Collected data
+++++
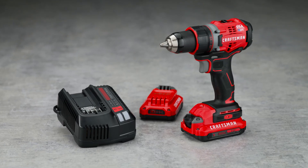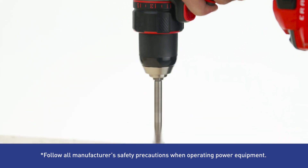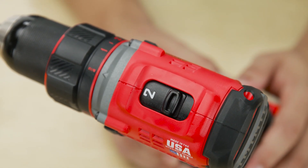Power through heavy-duty jobs with the Craftsman Cordless Drill. The brushless motor delivers 400 units of power for high performance on any job, and a two-speed gearbox makes it easy to tackle a range of fastening and drilling projects.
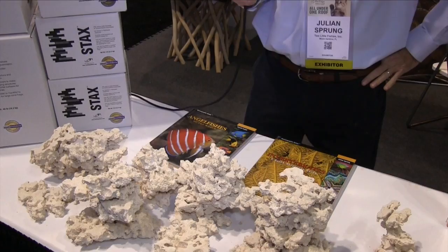Then they grow not just down but they'll grow out. Since the rock is flat and the light is coming from above, you get this shingle-type effect that you find on a natural coral reef.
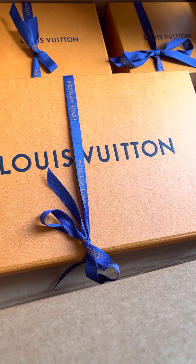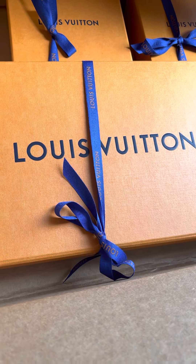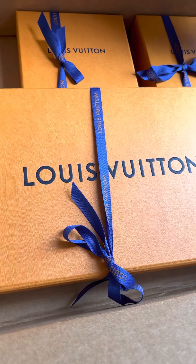Well, hope you all have a wonderful day today. And I hope you enjoy my little unboxing of my Louis Vuitton. Thank you. Bye-bye.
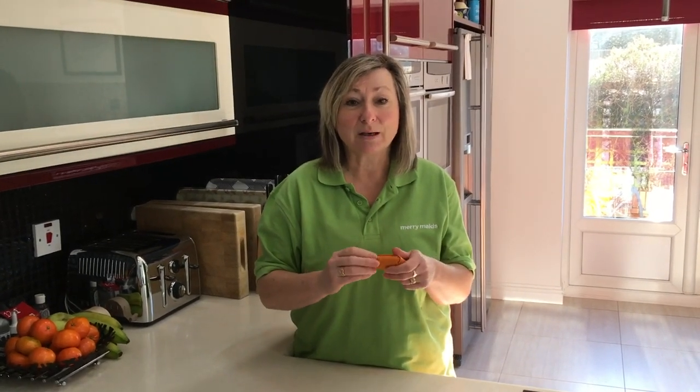So once you're getting along with all your tidying up in the home, the next thing to think about is cleaning your home and that's where Merry Maids come in. We can do a big spring clean for you or help you clean on a regular basis to ensure that you and your family have a clean, healthy and hygienic home.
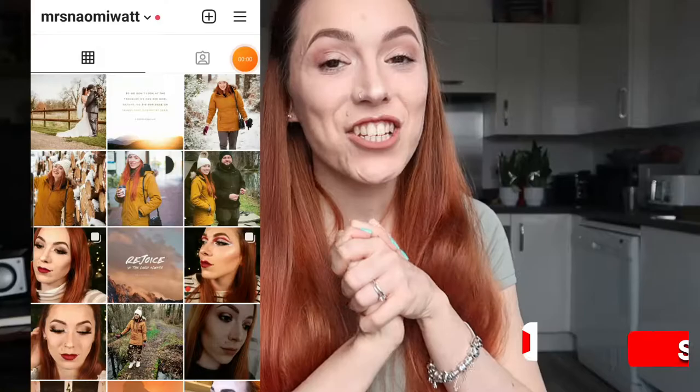Hello and welcome back to my channel. In this video I have given my copper hair a little bit of a refresh from my home. If you live in the UK you know that we have been in lockdown pretty much from November. There were a couple of weeks in December where things were a bit more open, and that is the last time that I had my hair dyed.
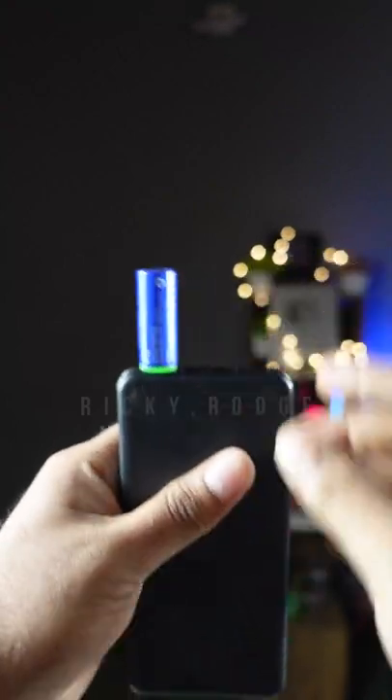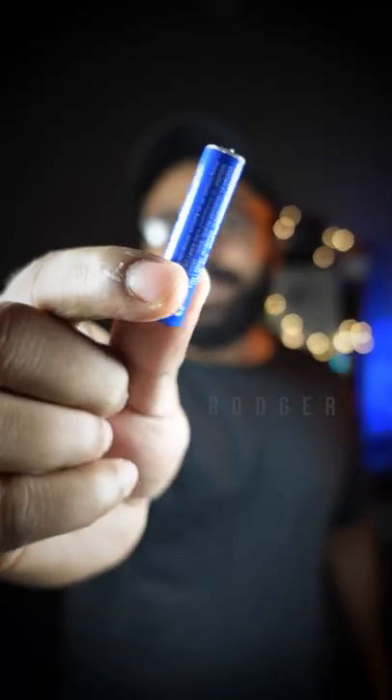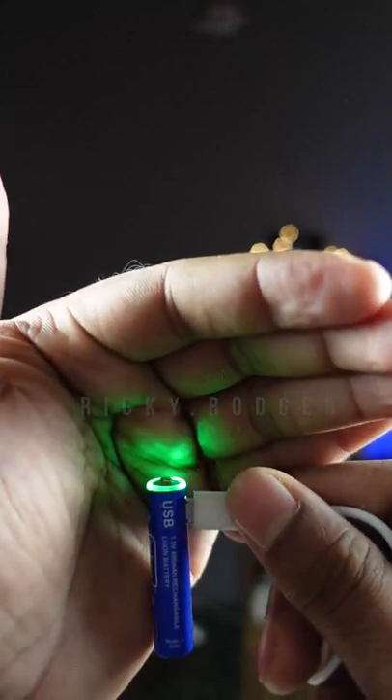This is the battery — the normal battery. This is the AAA battery. This is the option for micro USB connection, and this is the option for the phone. This is a micro USB connector.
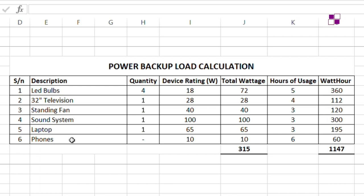An important note: for phones, I left the quantity blank and just entered 10 watts as the device rating, because we normally quantify all phones to be charged as 10 watts regardless of the number of phones in the apartment. The two key summations we need are the total wattage and the total watt-hours, as these are used to calculate battery size and inverter size.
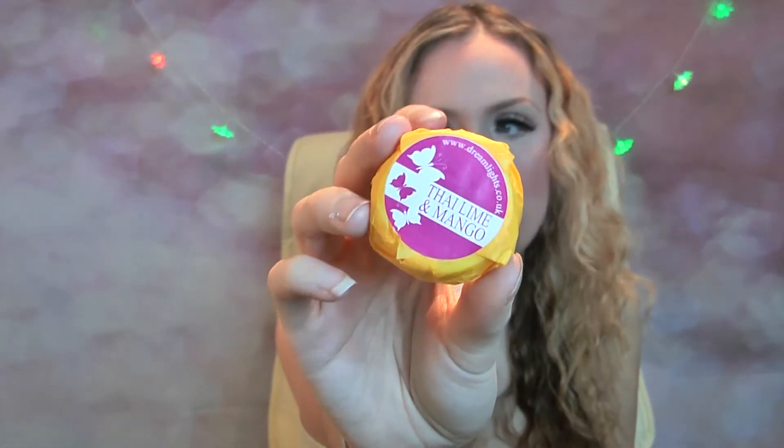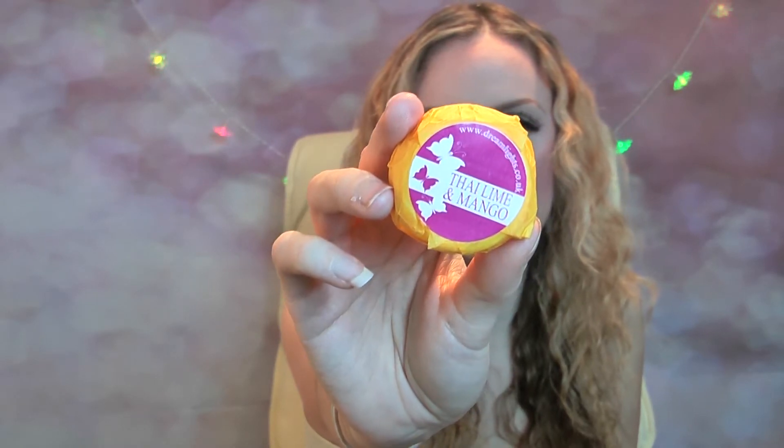So let me show you the lovely wax melts I've got. I've got a lovely scent — oh I love it so much — Thai Lime and Mango, and that's what it looks like. Really cute packaging, and this smells of a gorgeous limey mango scent with a spicy undertone to it. Smells absolutely gorgeous, I cannot wait to burn this one.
+++++
▶ **WORK TO BE COMPLETED**
Set down every entry above without alteration, but print no images.

▶ **RESULT OF THIS EXERCISE**
Power through heavy-duty jobs with the Craftsman Cordless Drill. The brushless motor delivers 400 units of power for high performance on any job, and a two-speed gearbox makes it easy to tackle a range of fastening and drilling projects.
Then they grow not just down but they'll grow out. Since the rock is flat and the light is coming from above, you get this shingle-type effect that you find on a natural coral reef.
Well, hope you all have a wonderful day today. And I hope you enjoy my little unboxing of my Louis Vuitton. Thank you. Bye-bye.
So once you're getting along with all your tidying up in the home, the next thing to think about is cleaning your home and that's where Merry Maids come in. We can do a big spring clean for you or help you clean on a regular basis to ensure that you and your family have a clean, healthy and hygienic home.
Hello and welcome back to my channel. In this video I have given my copper hair a little bit of a refresh from my home. If you live in the UK you know that we have been in lockdown pretty much from November. There were a couple of weeks in December where things were a bit more open, and that is the last time that I had my hair dyed.
This is the battery — the normal battery. This is the AAA battery. This is the option for micro USB connection, and this is the option for the phone. This is a micro USB connector.
An important note: for phones, I left the quantity blank and just entered 10 watts as the device rating, because we normally quantify all phones to be charged as 10 watts regardless of the number of phones in the apartment. The two key summations we need are the total wattage and the total watt-hours, as these are used to calculate battery size and inverter size.
So let me show you the lovely wax melts I've got. I've got a lovely scent — oh I love it so much — Thai Lime and Mango, and that's what it looks like. Really cute packaging, and this smells of a gorgeous limey mango scent with a spicy undertone to it. Smells absolutely gorgeous, I cannot wait to burn this one.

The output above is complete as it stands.